It was late in the evening on July 4, 1970. Driving home after a long day of eating hot dogs and burgers at a picnic, my family and I were slowly approaching our home on Stanton Avenue in Akron, Ohio. As we turned into the driveway, we noticed something different about the American flag that my mother had placed in the slot on our front porch earlier in the day. It appeared as though someone had placed an object on the pole. As we got closer, it became clear what that object was: a toy M16 machine gun.
The toy was mine, but I hadn’t put it there. And as an eight-year-old, I wasn’t sure what the symbol meant. But the anger emanating from the front seat told me that whoever did it would suffer the consequences.

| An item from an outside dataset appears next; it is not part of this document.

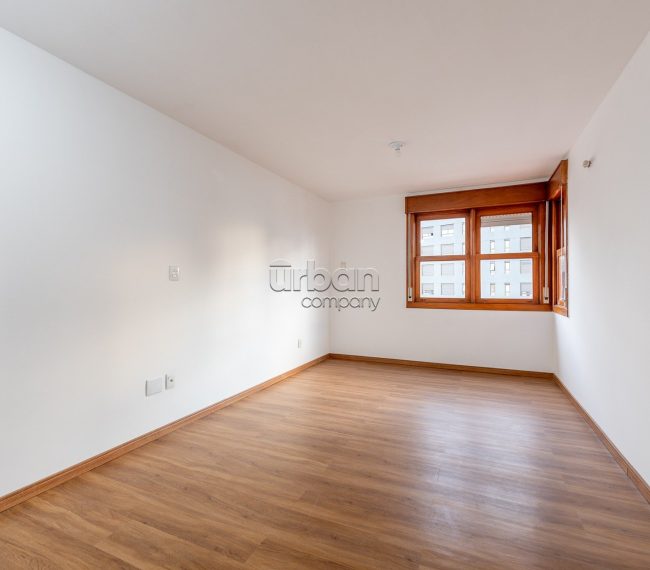 Apartamento com 145m², 3 quartos, 1 suíte, 1 vaga, no bairro Bela Vista em Porto Alegre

The yelling continued in the house: “Who did this?” “How could you do this?” “What were you thinking?” “If you don’t tell me who did this, I’m going to…”

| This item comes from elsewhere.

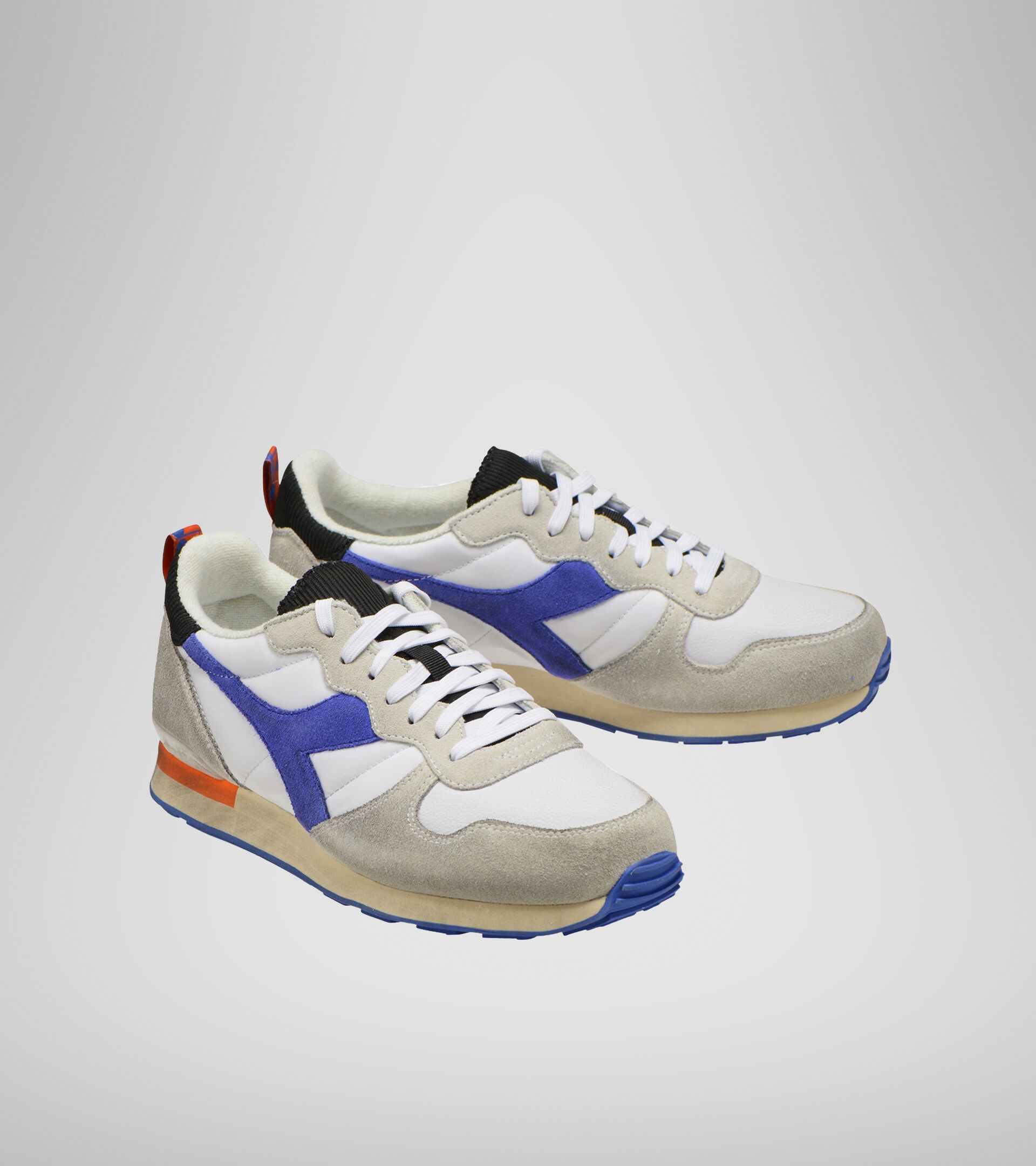 Footwear Sportswear UNISEX CAMARO ICONA BIANCO/BLU PERSIA/ARANCIATA Diadora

Obviously, nobody was owning up.
The interrogation was directed at my older brother Kerry, who hadn’t come with us to the picnic and instead had stayed home with some friends. He denied knowing who put the M16 on the flag, but I’m convinced it was him, and I understand why. Only two months earlier, on May 4, a tragedy had occurred some twenty-five minutes from our home in South Akron. Four students were shot dead, and nine others were wounded, when Ohio National Guardsmen opened fire on the campus of Kent State University. My brother was making a statement. He wanted the neighborhood — and my parents — to know how he felt.
In those days, when people asked where we were from, we commonly responded: “L.A. — Lower Akron.” Yeah, it was a joke, but it was a reflection of how we felt. We knew where we stood compared to more affluent sections of the city. My home on Stanton Avenue had three bedrooms, a basement, and an attic. Built in the 1920s, it was similar to the other houses on the street. Our neighborhood was working-class. Both of my parents worked full time, and we always had food on the table. Christmas was special at our house. My mother made sure we got most of what we asked for. I found out, years later, that she had jacked up the credit cards quite a bit. She was never good with money. It’s something we kids never knew about back then.